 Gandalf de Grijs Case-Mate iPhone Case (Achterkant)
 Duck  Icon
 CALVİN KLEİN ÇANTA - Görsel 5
= = = =
# Instructions to follow:
Output the whole listing word for word.

# Problem solution:
 Gandalf de Grijs Case-Mate iPhone Case (Achterkant)
 Duck  Icon
 CALVİN KLEİN ÇANTA - Görsel 5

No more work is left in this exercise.